And then some campy renditions of “Rocket Man” and “I Will Always Love You” from Kate Bush and The Gossip. Thank you, SparkleBliss, for hipping me to Beth Ditto in Dolly drag. My life is changed for the better.
Note: The following post about (500) Days of Summer and why I was not charmed by it contains spoilers. I will also adhere to a list-like format for the sake of brevity. However, if you wanna read it as some dig against the sleeper rom-com’s indexical use of number-play, texts are bendy.
It was hard to go into the screening for this movie objectively. I had some misgivings about this movie that I catalogued prior to attending a Saturday matinee screening. They are as follows:
1. The preview is really fucking twee.
2. The oft-mentioned post-coital musical number, complete with marching band, animated bird, and ironic use of Hall and Oates’s great but over-used “Dreams Come True.”
Still from the dance sequence; image courtesy of paisleypetunia.com
3. A friend mentioned that Gordon-Levitt’s character moves on from Summer with a girl named Autumn. Seriously.
4. Same friend made quite the indictment on race and whiteness.
5. The “vintage” clothes — while Deschanel and Gordon-Levitt are in adorable outfits, they seem less vintage than Anthropologie‘s upper-middle-class version of vintage. Everything is so tidy and worn once and unlived in. It just made me miss my friend Kit, who almost exclusively wears amazing thrift-store dresses (many of which I know she’s worn multiple times). Her look is much more comfort-based and much less polished. I think I would’ve responded to the outfits if there were at least one loose thread or frayed cuff, especially since Summer is probably not cashing fat checks as a personal assistant to the head of a greeting card company. Sigh. I know; it’s a movie.

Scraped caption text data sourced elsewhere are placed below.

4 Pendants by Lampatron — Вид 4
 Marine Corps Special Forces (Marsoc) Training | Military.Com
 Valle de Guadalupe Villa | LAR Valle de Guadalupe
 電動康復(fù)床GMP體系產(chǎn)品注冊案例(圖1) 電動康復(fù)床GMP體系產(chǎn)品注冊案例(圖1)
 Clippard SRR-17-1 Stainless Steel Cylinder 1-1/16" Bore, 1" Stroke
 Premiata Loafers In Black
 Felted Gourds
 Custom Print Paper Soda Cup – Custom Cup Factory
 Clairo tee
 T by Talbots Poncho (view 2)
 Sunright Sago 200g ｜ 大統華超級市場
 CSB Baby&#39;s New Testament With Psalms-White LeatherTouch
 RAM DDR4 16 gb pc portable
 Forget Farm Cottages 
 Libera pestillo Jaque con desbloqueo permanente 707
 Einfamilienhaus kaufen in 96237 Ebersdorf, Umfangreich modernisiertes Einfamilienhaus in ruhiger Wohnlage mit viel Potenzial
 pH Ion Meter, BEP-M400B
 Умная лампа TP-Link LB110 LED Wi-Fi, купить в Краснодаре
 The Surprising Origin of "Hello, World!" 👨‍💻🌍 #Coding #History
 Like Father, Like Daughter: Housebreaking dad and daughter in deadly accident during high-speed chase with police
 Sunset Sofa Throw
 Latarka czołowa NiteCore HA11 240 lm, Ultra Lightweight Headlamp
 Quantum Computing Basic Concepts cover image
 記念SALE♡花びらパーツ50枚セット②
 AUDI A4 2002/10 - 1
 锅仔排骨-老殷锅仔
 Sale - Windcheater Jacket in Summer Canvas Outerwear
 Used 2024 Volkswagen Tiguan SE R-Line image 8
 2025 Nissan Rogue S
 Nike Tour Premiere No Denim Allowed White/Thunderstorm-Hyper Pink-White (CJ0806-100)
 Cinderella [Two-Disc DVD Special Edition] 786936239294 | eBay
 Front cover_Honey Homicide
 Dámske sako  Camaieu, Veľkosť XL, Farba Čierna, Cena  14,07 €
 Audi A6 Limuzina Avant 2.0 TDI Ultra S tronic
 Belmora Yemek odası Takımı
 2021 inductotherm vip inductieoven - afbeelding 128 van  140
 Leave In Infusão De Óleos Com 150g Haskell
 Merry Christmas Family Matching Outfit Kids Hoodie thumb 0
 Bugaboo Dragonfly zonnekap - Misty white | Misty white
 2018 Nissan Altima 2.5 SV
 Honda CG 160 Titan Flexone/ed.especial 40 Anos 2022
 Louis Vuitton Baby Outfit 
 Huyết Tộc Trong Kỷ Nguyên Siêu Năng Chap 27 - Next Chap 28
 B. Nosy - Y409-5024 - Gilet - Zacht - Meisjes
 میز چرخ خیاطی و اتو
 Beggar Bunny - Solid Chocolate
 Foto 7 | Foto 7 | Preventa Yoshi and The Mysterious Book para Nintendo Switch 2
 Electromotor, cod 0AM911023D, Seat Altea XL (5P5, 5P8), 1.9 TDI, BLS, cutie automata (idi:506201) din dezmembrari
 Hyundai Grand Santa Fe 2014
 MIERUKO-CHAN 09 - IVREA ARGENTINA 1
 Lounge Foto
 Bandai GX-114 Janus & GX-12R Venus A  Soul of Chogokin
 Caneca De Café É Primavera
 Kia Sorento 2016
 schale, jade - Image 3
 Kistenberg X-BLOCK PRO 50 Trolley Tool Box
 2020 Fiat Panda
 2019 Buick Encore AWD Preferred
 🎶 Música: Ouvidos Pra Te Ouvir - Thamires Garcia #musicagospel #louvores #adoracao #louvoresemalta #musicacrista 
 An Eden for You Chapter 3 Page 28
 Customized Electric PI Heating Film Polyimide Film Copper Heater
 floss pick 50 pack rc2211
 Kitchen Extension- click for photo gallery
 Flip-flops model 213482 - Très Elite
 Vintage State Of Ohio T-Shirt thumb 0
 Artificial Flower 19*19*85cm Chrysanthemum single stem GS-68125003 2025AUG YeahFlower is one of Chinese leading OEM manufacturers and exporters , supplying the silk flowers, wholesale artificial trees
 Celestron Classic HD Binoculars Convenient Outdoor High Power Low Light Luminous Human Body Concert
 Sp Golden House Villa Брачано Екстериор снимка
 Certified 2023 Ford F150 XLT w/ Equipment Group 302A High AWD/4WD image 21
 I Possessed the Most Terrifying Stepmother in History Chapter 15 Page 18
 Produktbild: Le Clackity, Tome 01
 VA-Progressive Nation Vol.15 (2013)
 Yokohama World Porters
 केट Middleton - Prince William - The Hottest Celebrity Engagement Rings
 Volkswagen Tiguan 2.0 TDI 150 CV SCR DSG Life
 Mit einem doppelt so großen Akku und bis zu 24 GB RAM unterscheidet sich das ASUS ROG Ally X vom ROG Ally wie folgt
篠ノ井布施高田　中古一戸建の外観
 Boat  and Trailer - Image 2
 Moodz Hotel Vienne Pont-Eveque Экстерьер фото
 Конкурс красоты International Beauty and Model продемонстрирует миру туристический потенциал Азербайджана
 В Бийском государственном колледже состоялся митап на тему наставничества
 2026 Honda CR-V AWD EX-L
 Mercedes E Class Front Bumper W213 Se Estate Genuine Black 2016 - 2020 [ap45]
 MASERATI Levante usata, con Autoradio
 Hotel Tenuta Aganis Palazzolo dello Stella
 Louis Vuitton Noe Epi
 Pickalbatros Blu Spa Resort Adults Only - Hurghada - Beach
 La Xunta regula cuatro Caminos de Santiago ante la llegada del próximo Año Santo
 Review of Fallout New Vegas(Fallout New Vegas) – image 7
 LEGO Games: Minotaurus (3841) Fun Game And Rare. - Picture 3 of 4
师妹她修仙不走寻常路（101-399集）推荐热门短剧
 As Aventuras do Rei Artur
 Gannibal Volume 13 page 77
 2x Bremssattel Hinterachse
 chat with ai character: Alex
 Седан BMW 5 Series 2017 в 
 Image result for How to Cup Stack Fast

1. Gordon-Levitt wears the “Love Will Tear Us Apart” Joy Division t-shirt in one scene. GET IT? Ugh. Such an obvious visual joke. I think if there’s gonna be a music geek dramatic irony t-shirt joke, maybe having him wear a My Bloody Valentine t-shirt would have been better. But is there really a need?
Still of Gordon-Levitt wearing an in-joke
2. A friend said that Summer quotes a Belle and Sebastian song in her high school yearbook. Blech.
3. When they break up, Summer casts her and Tom as Sid and Nancy, respectively. Ain’t nothin’ skid row about these two.
In addition, I tend to have misgivings about movies and TV shows that make music geekery — and its quirky application — so central to informing characterization and narrative (see also Juno, Nick and Norah’s Infinite Playlist, and Flight of the Conchords). It might be contrarian, but I feel instantly resistant to these kinds of texts because I feel like I’m supposed to like them because of the music geekery. But I need more than that. While I enjoy movies like Adventurelandand High Fidelity (among others like Velvet Goldmine, Times Square, Dazed and Confused, and recently Hedwig and the Angry Inch), the music geekery is actually most interesting in the peripheral.
As an aside: it seems the people of my acquaintance who have the most vitriol toward this movie are also the most personally invested in music culture. They’re also pretty cool, but wouldn’t describe themselves as such. This perhaps gestures toward how pejorative and subjective the word “hipster” has become within my generation.
To stay positive, three things about the movie made me hopeful anyway:
1. The leads are appealing.
2. Summer doesn’t want to be in a relationship.
3. Apparently director Marc Webb made iPod playlists for the leads for each scene to help get them into character. This is interesting to me, especially read alongside playlist auteurs like Quentin Tarantino, Paul Thomas Anderson, and Wes Anderson, who use music to create scenes and develop characters.
With that said, I hated this movie. So much so that I was relieved that I saw it for free.
I was pretty turned off from the start. Principally because the trailer and the opening sequence stress that this is not a love story. But that’s a lie. It’s completely a love story. It’s just not between Gordon-Levitt’s Tom and Deschanel’s Summer. It’s between first-time feature director Webb and first-time screenwriters Scott Neustadter and Michael H. Weber and how goddamn clever they can be. Just how goddamn clever?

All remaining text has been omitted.